# PRO brand bike gear?



## cyclesport45 (Dec 10, 2007)

Anybody know if PRO bike gear (www.pro-bikegear.com) is distributed in the US? It's a division of Shimano, all kinds of good stuff... bars, stems, computers, wheels, etc. I'm specifically looking at the PRO PLT OS bar and stem (but not because it comes in the ICE grey to match new Shimano Ultegra ICE group that happens to be on my new bike). (And will look really great) .


----------



## RC28 (May 9, 2002)

cyclesport45 said:


> Anybody know if PRO bike gear (www.pro-bikegear.com) is distributed in the US? It's a division of Shimano, all kinds of good stuff... bars, stems, computers, wheels, etc. I'm specifically looking at the PRO PLT OS bar and stem (but not because it comes in the ICE grey to match new Shimano Ultegra ICE group that happens to be on my new bike). (And will look really great) .

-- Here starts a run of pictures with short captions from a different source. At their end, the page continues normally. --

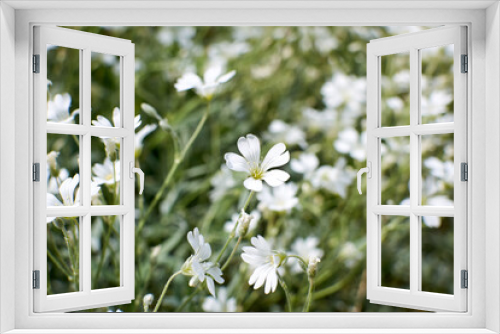 Fototapeta Naklejka Na Ścianę Okno 3D - Small white flowers in a garden. Cushion baby's-breath floral background. Gypsophila.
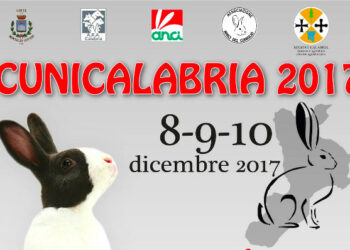 Oggi, gli Allevatori del Sud Italia a Montalto Uffugo per Cunicalabria 2017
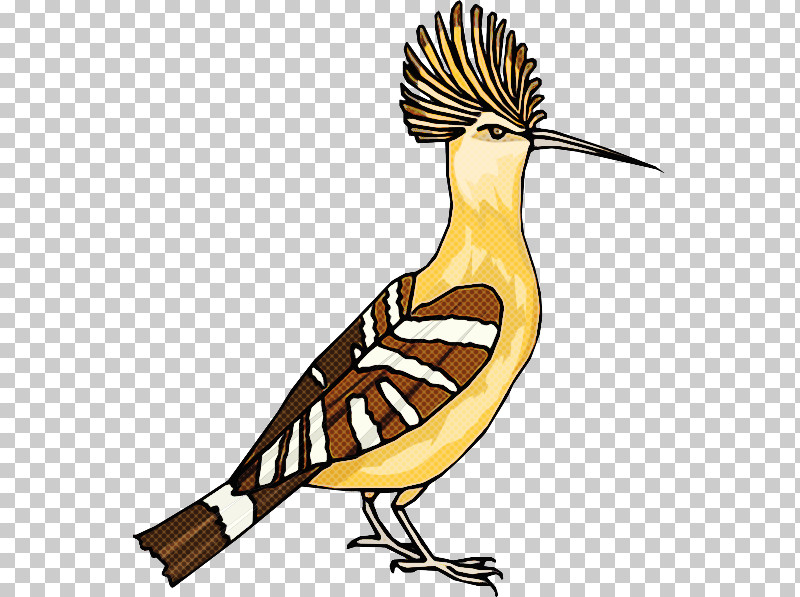 Bird Beak Eastern Meadowlark Roadrunner Perching Bird PNG, Clipart, Animal Figure, Beak, Bird, Eastern Meadowlark, House Sparrow Free PNG Download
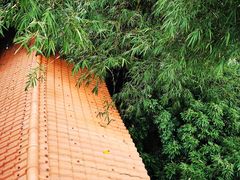 -鲤鱼塘农家山庄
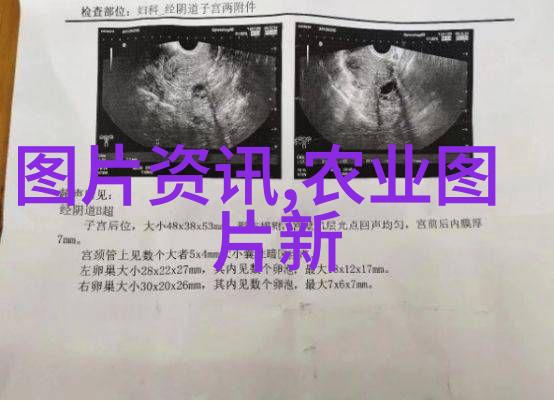 机械工程师资格认证考核体系研究解析专业知识与实践技能的对接机制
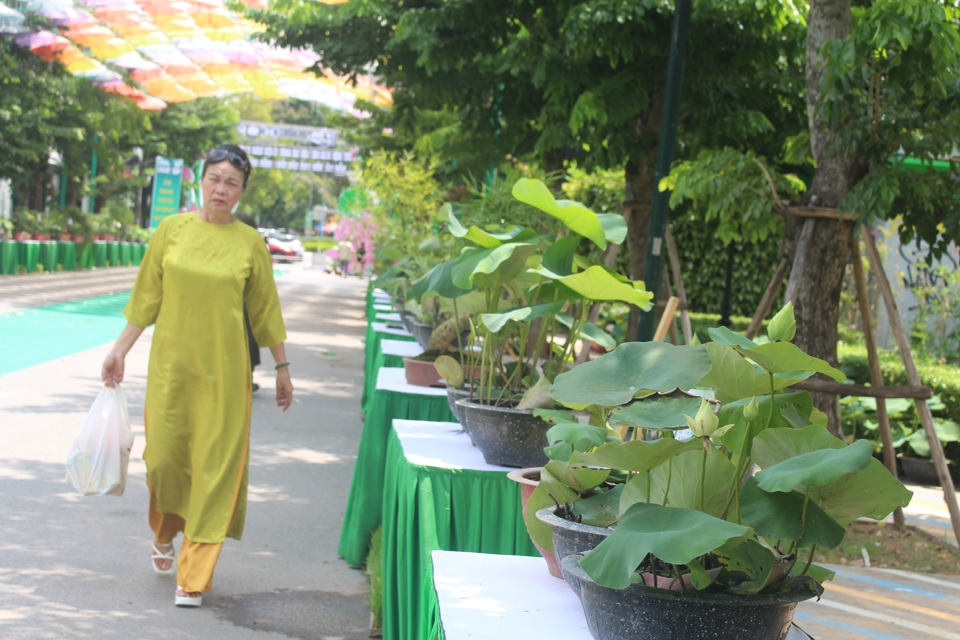 Dọc hai b&ecirc;n cổng ch&iacute;nh bước v&agrave;o Lễ hội Sen H&agrave; Nội, hơn 30 lo&agrave;i sen qu&yacute; được sắp đặt h&agrave;ng lối dẫn dắt du kh&aacute;ch như bước tr&ecirc;n thảm xanh hoa nở của những kiệt t&aacute;c từ thi&ecirc;n nhi&ecirc;n.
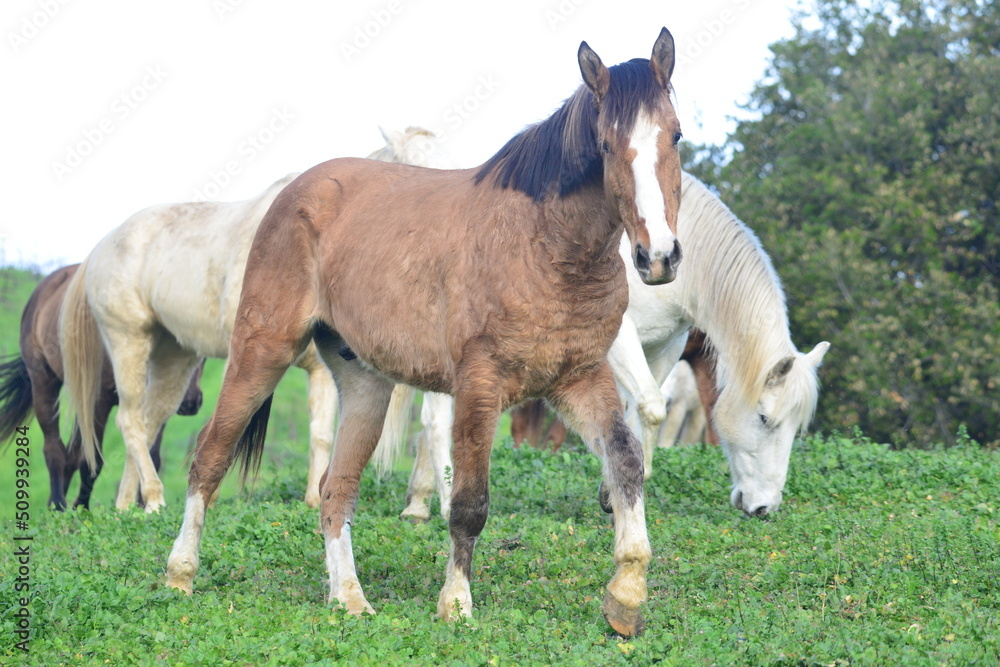 two horses on a meadow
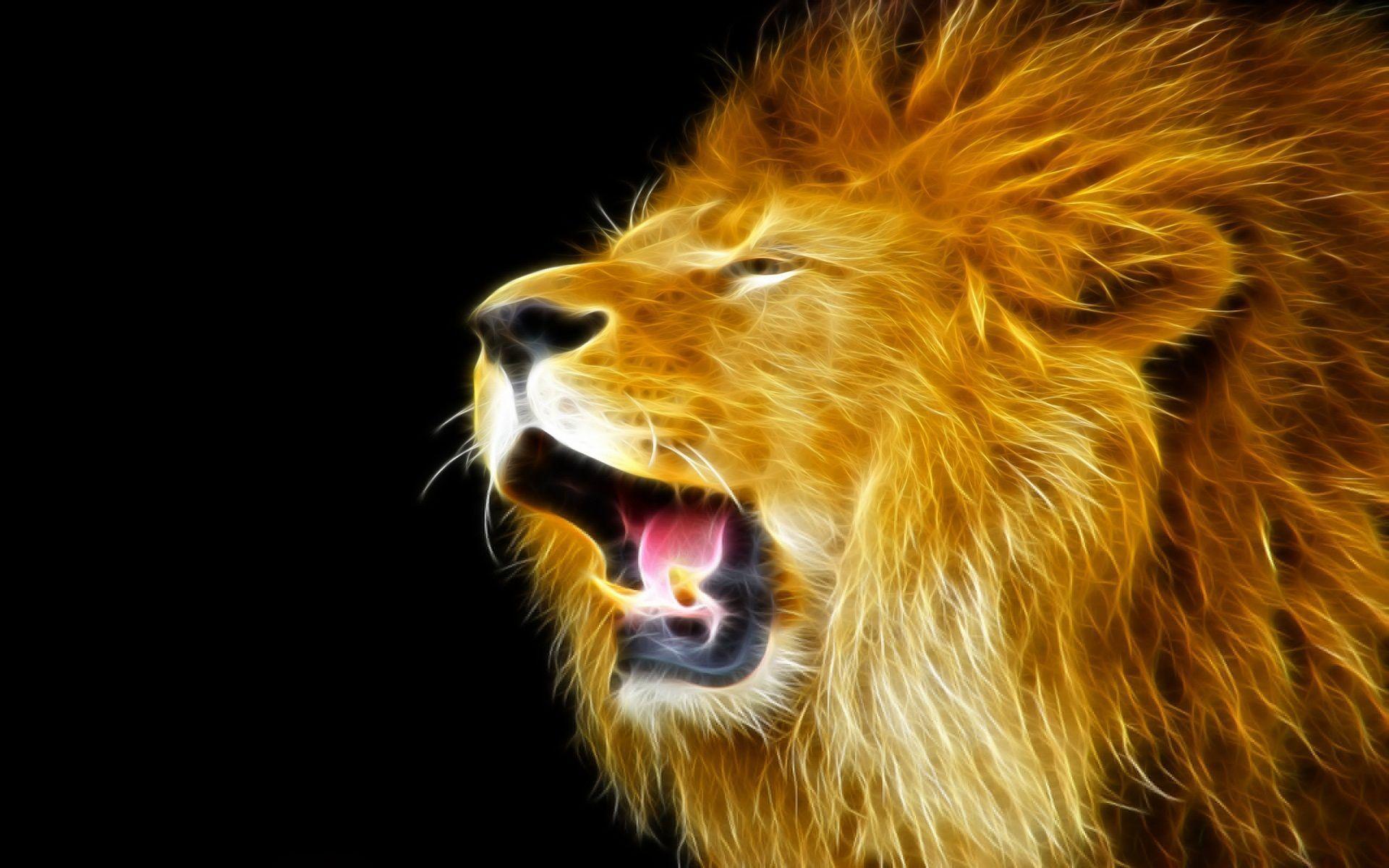 Download Lion Wallpapers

I haven't been able to buy it in the States. I got mine (the PRO PLT stem and seatpost) from overseas. They look really nice although the color on the stem does not exactly match the one on the seatpost. Weird, I know but that's how it is. The seatpost is a very very close match to the Deda 100 stem's color while the stem is a bit shinier. They both look good though.


----------



## DIRT BOY (Aug 22, 2002)

RC28 said:


> I haven't been able to buy it in the States. I got mine (the PRO PLT stem and seatpost) from overseas. They look really nice although the color on the stem does not exactly match the one on the seatpost. Weird, I know but that's how it is. The seatpost is a very very close match to the Deda 100 stem's color while the stem is a bit shinier. They both look good though.


Where?


----------



## cyclesport45 (Dec 10, 2007)

Damn. I happened to see a full page ad in Road Bike Action Mag. Love the stuff, just ASSUMED that if they're advertising in US, you must be able to BUY the [email protected]#M stuff in the US.


----------



## roadboy (Apr 1, 2003)

the stuff is in the 2008 shimano dealer book, your lbs should be able to order. we order some stuff already and it looks good, plus the pricing is pretty good compared to euro brands


----------



## teoteoteo (Sep 8, 2002)

cyclesport45 said:


> Anybody know if PRO bike gear (www.pro-bikegear.com) is distributed in the US? It's a division of Shimano, all kinds of good stuff... bars, stems, computers, wheels, etc. I'm specifically looking at the PRO PLT OS bar and stem (but not because it comes in the ICE grey to match new Shimano Ultegra ICE group that happens to be on my new bike). (And will look really great) .



I wuz mistaken


----------



## DIRT BOY (Aug 22, 2002)

cyclesport45 said:


> Anybody know if PRO bike gear (www.pro-bikegear.com) is distributed in the US? It's a division of Shimano, all kinds of good stuff... bars, stems, computers, wheels, etc. I'm specifically looking at the PRO PLT OS bar and stem (but not because it comes in the ICE grey to match new Shimano Ultegra ICE group that happens to be on my new bike). (And will look really great) .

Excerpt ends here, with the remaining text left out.